» **BRIEF**: Please repeat exactly the lines below from the one containing "thumbnail image 2" down to the one containing "Moon Boot Boots Black", both included, and nothing else.

» **SUPPLIED RECORDS**:
******************************

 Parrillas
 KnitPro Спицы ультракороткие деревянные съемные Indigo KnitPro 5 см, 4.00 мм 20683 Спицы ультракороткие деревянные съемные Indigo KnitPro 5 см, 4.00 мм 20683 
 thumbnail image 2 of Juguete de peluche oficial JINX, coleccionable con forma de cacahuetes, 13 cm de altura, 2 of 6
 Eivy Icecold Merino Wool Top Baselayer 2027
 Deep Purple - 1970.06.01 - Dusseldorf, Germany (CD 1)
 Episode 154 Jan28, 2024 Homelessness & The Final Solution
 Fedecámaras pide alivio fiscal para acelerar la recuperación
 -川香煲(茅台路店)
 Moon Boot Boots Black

******************************

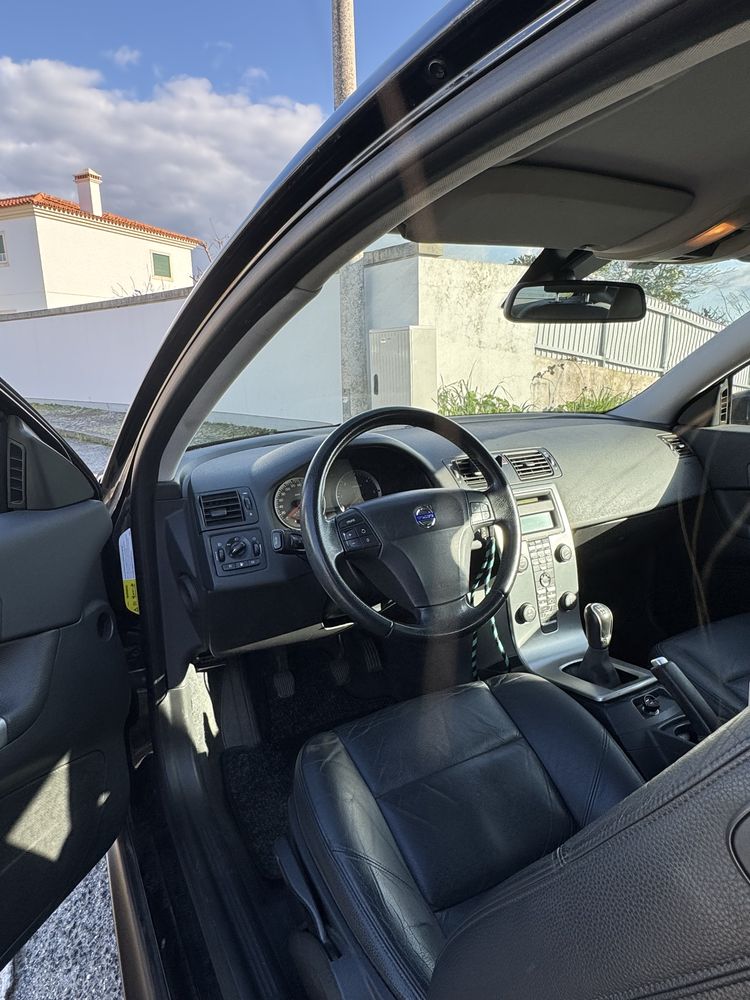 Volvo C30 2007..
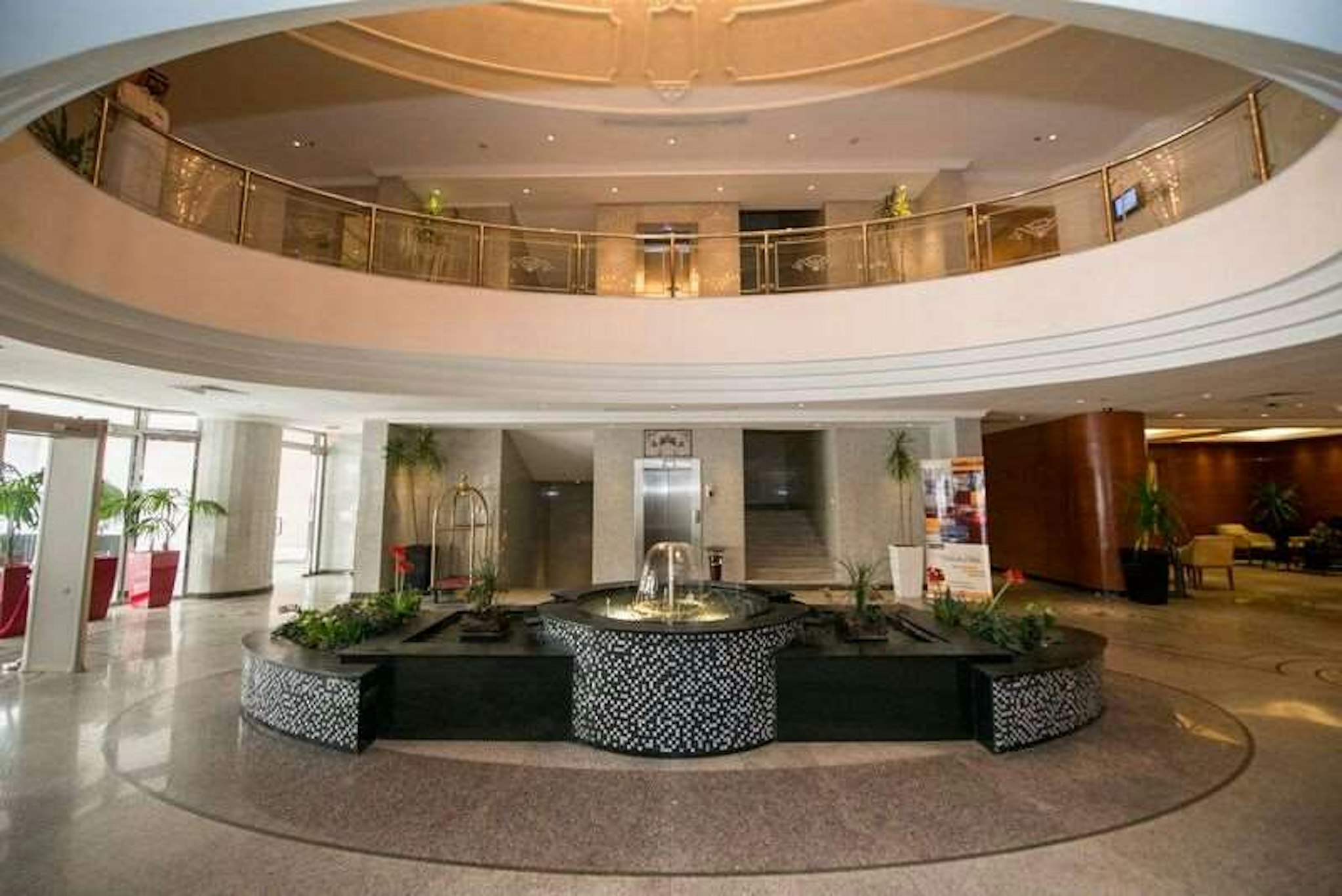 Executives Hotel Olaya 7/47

******************************

» **RESPONSE AREA**:
 thumbnail image 2 of Juguete de peluche oficial JINX, coleccionable con forma de cacahuetes, 13 cm de altura, 2 of 6
 Eivy Icecold Merino Wool Top Baselayer 2027
 Deep Purple - 1970.06.01 - Dusseldorf, Germany (CD 1)
 Episode 154 Jan28, 2024 Homelessness & The Final Solution
 Fedecámaras pide alivio fiscal para acelerar la recuperación
 -川香煲(茅台路店)
 Moon Boot Boots Black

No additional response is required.